1 Killing site(s)
Mykhailo G., born in 1936: "The day after the shooting of the prison detainees in Chortkiv, my mother and I went to the execution site. The victims were killed and buried in the pit located in the forest. The pit had already been filled in, but there was civilian male clothing and caps left next to it. I recognized the clothing of two inhabitants of my village, who had been previously taken to prison. That’s how I knew that they were among victims killed there." (Testimony N°YIU151U, interviewed in Uhryn, on August 8, 2005)
"In May 1942, I moved to the town of Chortkov [today Chortkiv]. I was put in the Jewish labor camp organized in the village of Ugrine [today Uhryn]. There were fifty women. We worked on the wheat harvest. In the morning, we were given 150g of bread and a glass of milk, and for lunch and dinner a plate of soup. My mother and my brother were in the camp with me. In October or November 1942, we were transferred to the Jewish ghetto." [Deposition of Roza Shternlib, a Jewish survivor, given to State Extraordinary Soviet Commission(ChGK), on June 23, 1944; GARF 7021-75-107/Copy USHMM RG.22-002M]
"This execution operation was conducted by a "mobile SS group", a kind of Rollkommando. It had already started in the streets of the town on the previous evening. About 120 men were rounded up, and, as far as I know, they were taken to a prison. They were confined there until the next morning, and then, if I recall correctly, they were shot in the Uhryn Forest. " [Deposition of Abreham Wartenfeld, born in 1923 in Chortkiv, given during the trial against Gerhard L., the former Chortkiv County chief, Taken from Hessisches Staatsarchiv Darmstadt H13 1074 7, copy YVA JM/34141]

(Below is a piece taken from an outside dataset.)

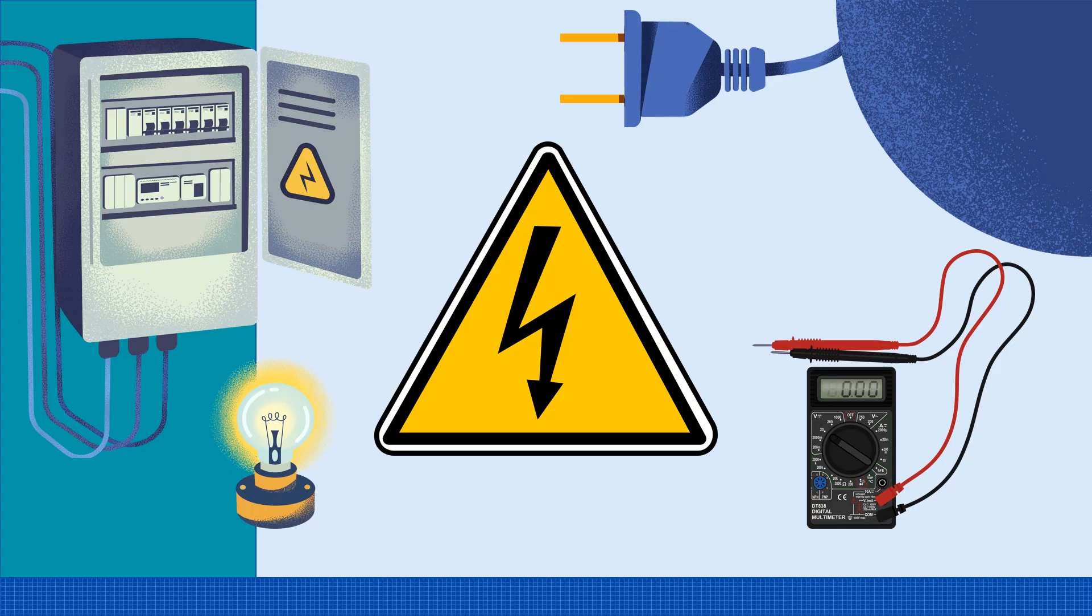Remember, electricity is dangerous. Always make sure you're properly trained before working with electricity and electrical equipment.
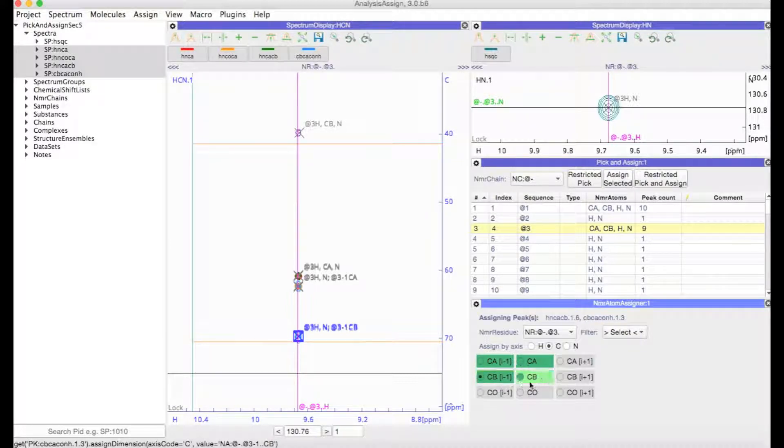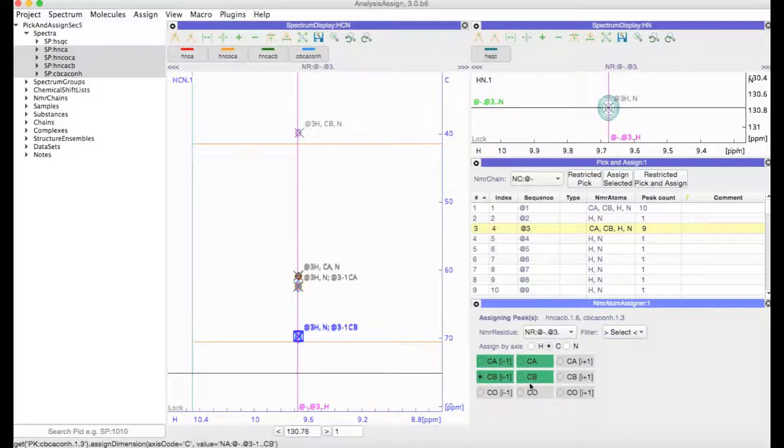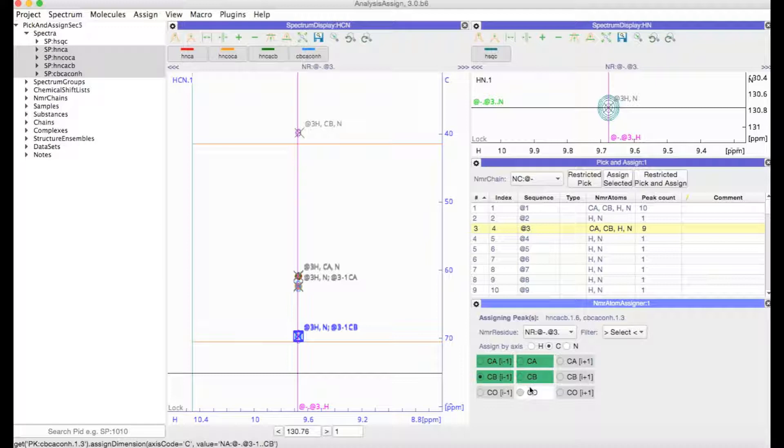You will see that quite often selections are highlighted in green. That's just to help guide your eye, make suggestions for what this NMR atom could be.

Uhryn is located about 77 km (46mi) southeast of Ternopil. The village was first mentioned in 1427 as a part of the Polish-Lithuanian Commonwealth. In 1772, it was transferred to the Austrian Empire where it remained until 1918. According to 1900 census, Uhryn numbered 1,470 inhabitants, including 28 Jews. The majority of Jews lived off trade and handicraft. As the local community was small, there was no synagogue or cemetery in Uhryn. A bigger Jewish community lived in the town of Chortkiv, located about 5 km (3mi) northwest. In 1918-1919, Uhryn became part of the Western Ukrainian Republic before being taken over by Poland. In 1939, following the outbreak of the war, Uhryn was incorporated into the Ukrainian Social Soviet Republic as a result of the Molotov-Ribbentrop Pact.
Uhryn was occupied by German troops on July 6, 1941. Over the course of the Aktion, presumably conducted by the Security Police unit and SD of Ternopil on August 25, 1941, about 100 Jewish men of Chortkiv were taken to the Uhryn forest to be shot dead in the mass grave. According to some sources, in October 1941, a second Aktion was carried out in the same forest, during which several hundred members of the Jewish intelligentsia were executed.
A labor camp was established in Uhryn in the summer of 1942. About 50 Jewish women were subjected to forced labor during harvesting period. In October or November 1942, the camp inmates were transferred to the Chortkiv ghetto.
In the summer of 1943, some time before the withdrawal of the Germans troops, a number of local men, Ukrainians and Poles, were taken to the Chortkiv prison, from where, two weeks later, they were brought to the Uhryn forest to be shot dead in a mass grave. According to research results, later on, a number of Chortkiv Jews were executed in the same pit. The corpses of the Ukrainian and Jewish victims were separated by a wooden plank. Since the Chortkiv ghetto was liquidated on June 16, 1943, the Jewish victims mentioned above could have been fugitives, captured after the ghetto liquidation. There is no memorial which indicates the mass graves located in the Uhryn forest.